Le caractère « essentiel » du cloud computing n’est plus à démontrer. En tout cas, la faveur du gouvernement permettra aux entreprises régionales de bénéficier de subventions ainsi qu’une réduction de taux d’intérêt. De plus, n’oublions pas que l’Etat a demandé aux entreprises de cloud nationales de conserver leurs ingénieurs au pays. Cette exigence est nécessaire en vue d’offrir une réactivité maximale face aux problèmes rencontrés.

Les impacts de la souscription à des services cloud étrangers

Cela dit, de nombreux membres du gouvernement au Japon restebt sceptiques au fait de concurrencer les entreprises étrangères dans le cloud public. Ceux-ci penchent plutôt pour les clouds privés, tout aussi efficaces dans le stockage de données sensibles.

Au Japon, souscrire à des services cloud est, en principe, plus facile et moins coûteux que de construire sa propre infrastructure de données numérique. Cela explique pourquoi 68,7 % des sociétés japonaises étaient clientes de ces services en 2020. Le gouvernement en a fait autant, en transférant davantage de fonctions administratives vers le cloud.

Résultat, les entreprises de cloud étrangères ont su s’imposer sur le marché du cloud japonais. Pour les hyperscalers (AWS, Google et Microsoft), la part de marché avoisine les 60 à 70 %. Les statistiques de la Japan Fair Trade Commission avancent pourtant que ce chiffre était situé entre 5 à 10 % il y a neuf ans de cela.
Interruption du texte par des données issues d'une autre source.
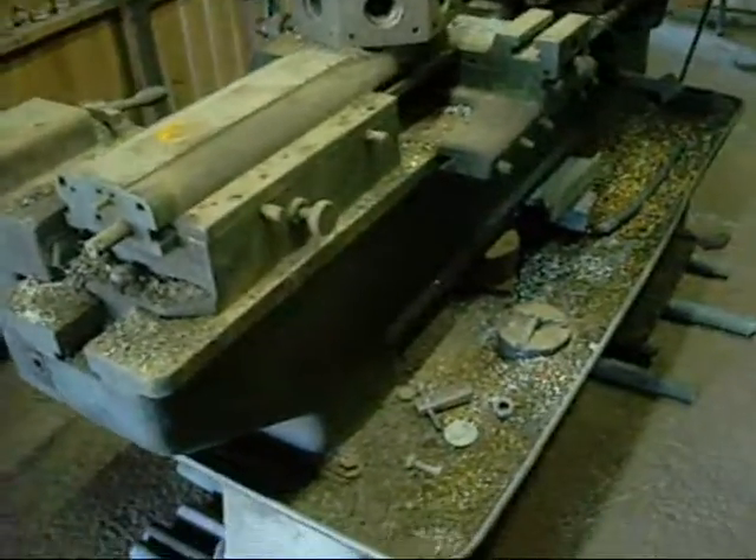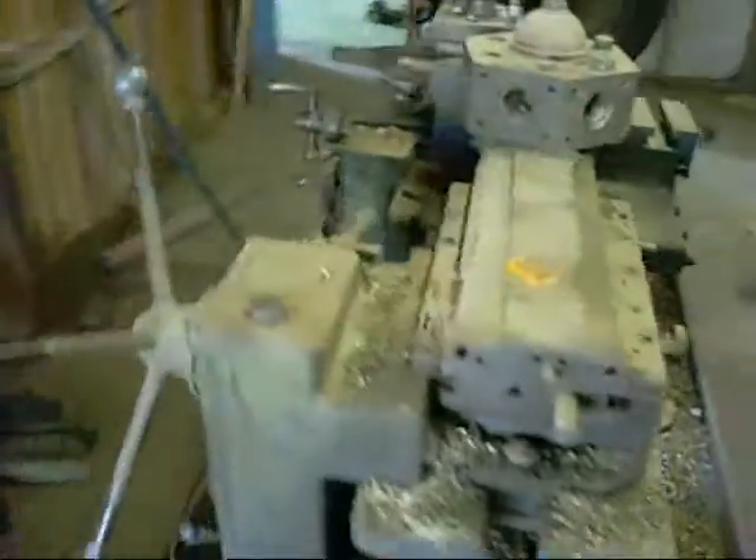A lot of brass. Nice — a good boring bar on it. Fair old machine, pretty heavy. Still haven't figured out who made it, but the handle looks similar to the Tarnow, so it might be a Tarnow.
Une étude de la Fuji Chimera Research Institute a permis, par ailleurs, d’évaluer la part totale des fournisseurs étrangers à 72 %. Malheureusement, les entreprises locales comme NTT ou Fujitsu accusent un retard important.

Malgré ce projet d’indépendance vis-à-vis des opérateurs étrangers, le Japon a tout de même fait appel à AWS et Google Cloud pour la mise en œuvre de son premier projet national de cloud. En effet, ces deux entités ont pu répondre favorablement aux 350 exigences relevant de la sécurité, le plan juridique et le management des données. Dans les coulisses, le gouvernement projette aussi une unification de l’infrastructure numérique utilisée dans chaque ministère des 1 700 municipalités.